Measuring performance changes from applying 4837946 patch

Brian Burkhalter brian.burkhalter at oracle.com
Wed Jun 5 16:16:18 UTC 2013


On Jun 5, 2013, at 8:26 AM, Aleksey Shipilev wrote:

> Aleksey :

Sorry: I had not finished my first coffee yet.

> 
>>> b) the annotations you are using on each method, can flow up to
>>> class-level annotation, and will be inherited by all the @GMB methods;
>> 
>> I was not aware of this.
> 
> Yes, and with the daizy-fresh JMH, it is even possible to move the
> remaining data upwards to the class level:
> http://mail.openjdk.java.net/pipermail/jmh-dev/2013-June/000074.html
> 
>>> c) it is a good idea to initialize the State fields within the @Setup
>>> method, because we guarantee correct initialization JMM-wise (try to run
>>> your benchmark on non-x86 hardware, and you can occasionally see the
>>> NPEs, because genericFactor1/2 might be null; you can also make the same
>>> effect with "final" on fields, but that wouldn't be the generic case).
>> 
>> That is good to know also.
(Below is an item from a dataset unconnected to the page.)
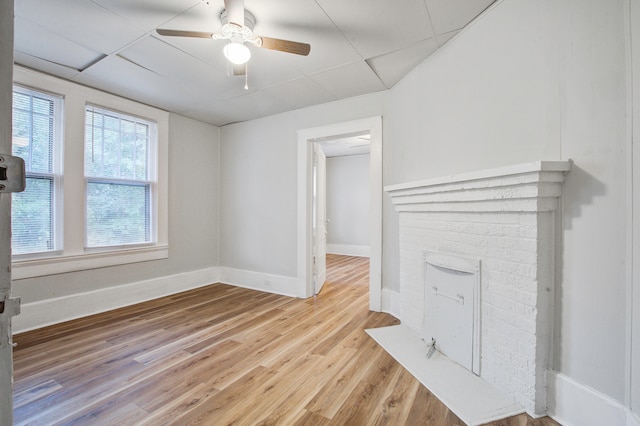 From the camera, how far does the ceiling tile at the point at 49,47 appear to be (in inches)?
82.7

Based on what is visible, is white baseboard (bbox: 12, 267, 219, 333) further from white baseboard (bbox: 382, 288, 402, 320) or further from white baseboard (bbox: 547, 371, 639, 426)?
white baseboard (bbox: 547, 371, 639, 426)

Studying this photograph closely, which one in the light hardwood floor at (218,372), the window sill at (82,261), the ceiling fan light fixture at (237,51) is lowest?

I read about State Fixtures but did not know
>> of this behavior.
> 
> I take that back, the JMH samples are correct. JMH will initialize the
> states with the worker threads, and publish it properly for you. You can
> keep the init the way you have it now. The only culprit is that if State
> is getting reused between the benchmark runs, it is a good idea to
> re-initialize it with @Setup. But, since BigIntegers are "immutable",
> you don't actually care.

Thanks for the further clarifications.